Developer: A Crowd of Monsters
Publisher: BulkyPix
Price: $0.99
Version Reviewed: 1.0
Device Reviewed On: iPad

Graphics / Sound Rating: starstarstarstarblankstar
Game Controls Rating: starstarstarhalfstarblankstar
Gameplay Rating: starstarstarhalfstarblankstar
Replay Value Rating: starstarstarhalfstarblankstar

Overall Rating: starstarstarhalfstarblankstar

Sugar Kid has all the trappings of a game that would be wonderful. Would be, that is, were it not introduced into an App Store climate with well over 650,000 titles. As it stands, though, the shiny exterior belies a somewhat clunky, ultimately rote physics puzzler; a bitter reminder that standards have changed in mobile.

All is not well in Mr. Lemon’s world, where the adorable titular cube has usurped the throne. Conveniently, all he wants to do with it is stand helplessly at the bottom of a pit, leaving old (literal) sourface free to pour a deadly mixture of water, lemonade and fizzy drinks down from the heavens. As benevolent deity, it’s the player’s job to draw fragile lines of non-sentient sugar onto the screen to shield Sugar Kid from an untimely death.

Aesthetically, the game is a mixed bag. In its individual elements, there’s no lack of polish: the sewn-on patchwork menus and constantly changing papercraft backgrounds all exude a sense of hand craftsmanship. Rather, it’s that -- after a little while with the game -- it feels like Sugar Kid is in the midst of a perpetual identity crisis. From the aforementioned menus and backgrounds to the game’s jokingly macabre infusion of gory damage and death, each visual strand feels like an unfinished sentence; an underdeveloped homage that could have formed its own foundation for the game, instead of sharing screen time with other ideas from brainstorming.
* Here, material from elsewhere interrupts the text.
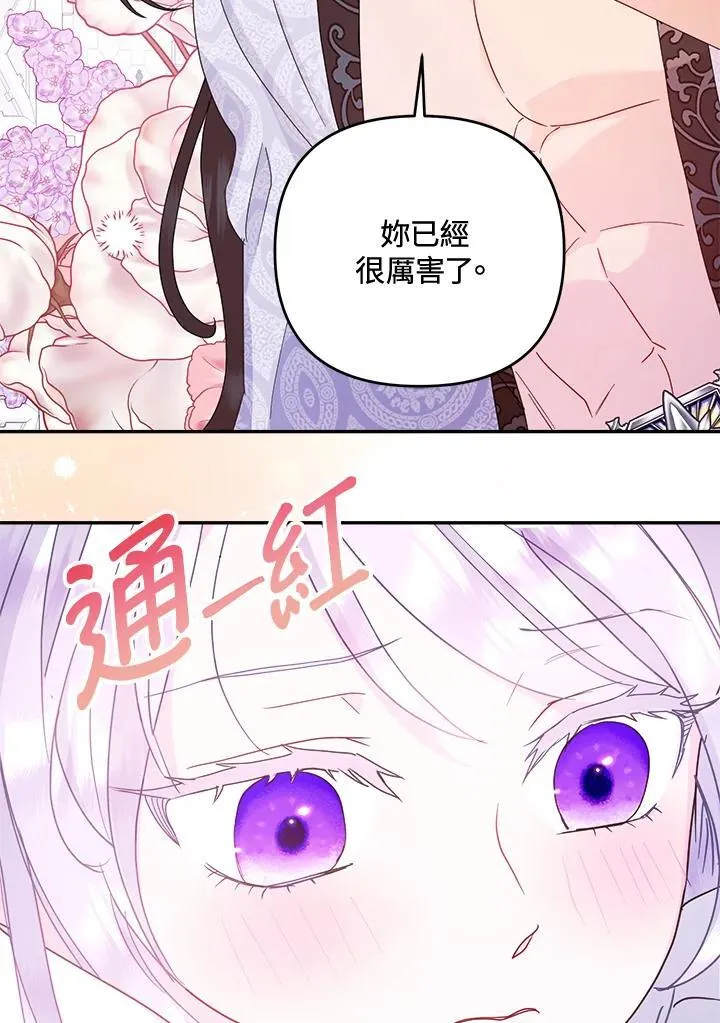 第66话85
Similarly, gameplay feels like developer A Crowd of Monsters is throwing concepts at a wall to see what sticks. In the main campaign, players will have to survive until the time runs out, pop Sugar Kid out of a floating bubble, and divert liquid flow into squares on the ground. The first two modes often produce a satisfying sense of “will I make it?!” tension, but the latter feels listless, and like a compromise for spending more time on crafting more creative levels in the game’s stronger modes. This is to say nothing of the fact that many levels seem to devolve into directionless attempts to swipe at the screen long enough to survive the onslaught of inevitable damage.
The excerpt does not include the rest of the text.